Supplied records -
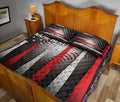 Patriotic baseball quilt blanket styled on a bedroom bed with red and white bat graphics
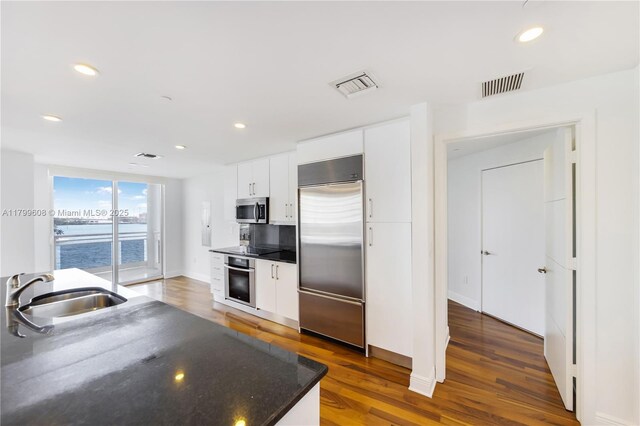 901 Brickell Key Blvd Unit 607, Miami, FL 33131 - kitchen with appliances with stainless steel finishes, a sink, wood finished floors, white cabinets, and recessed lighting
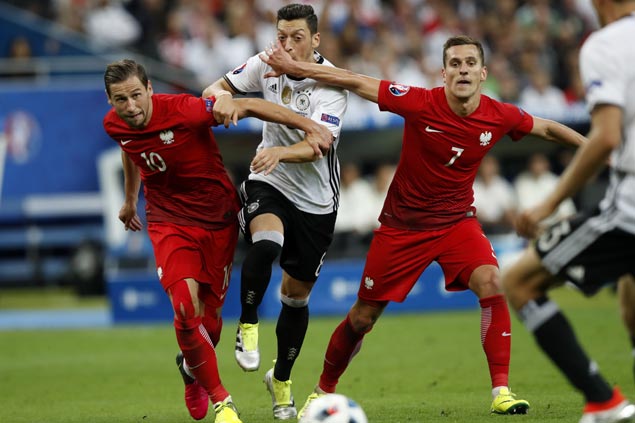 Germany grinds out a goalless draw versus Poland; Ukraine first team booted out of Euro 2016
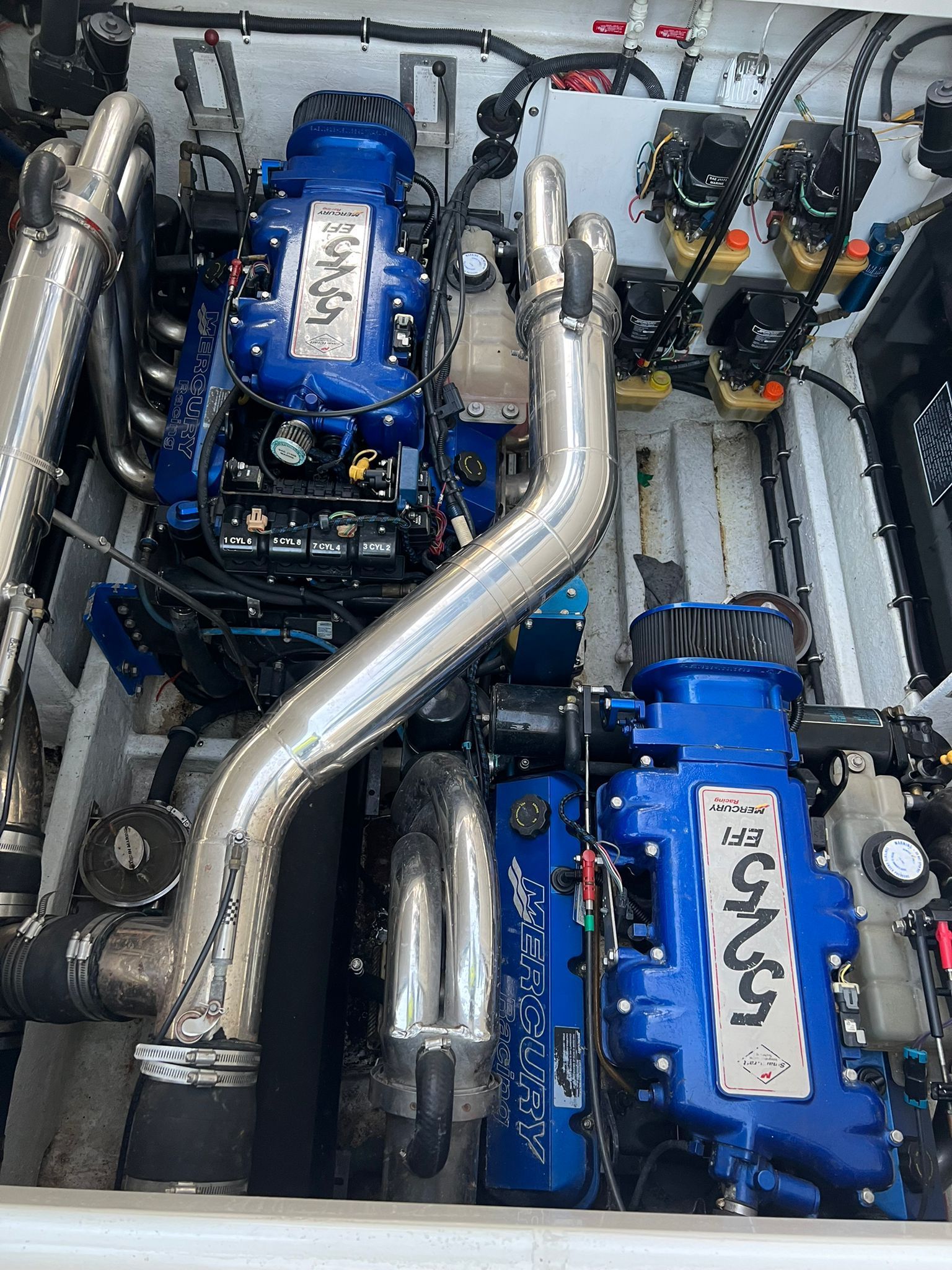 A close up of a blue engine on a boat.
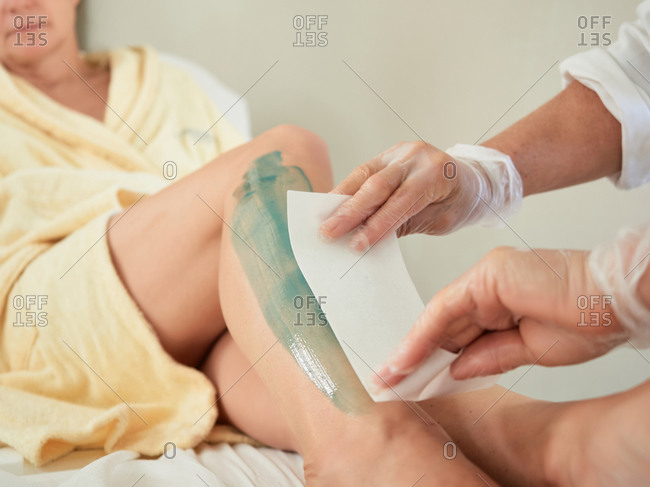 Faceless woman in gloves applying paper strip on waxed leg of client to remove hair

Prompt - Copy every line exactly, from the opening line of the entries down to the line holding "Germany grinds out", and keep the pictures out.

Solution for this problem -
 Patriotic baseball quilt blanket styled on a bedroom bed with red and white bat graphics
 901 Brickell Key Blvd Unit 607, Miami, FL 33131 - kitchen with appliances with stainless steel finishes, a sink, wood finished floors, white cabinets, and recessed lighting
 Germany grinds out a goalless draw versus Poland; Ukraine first team booted out of Euro 2016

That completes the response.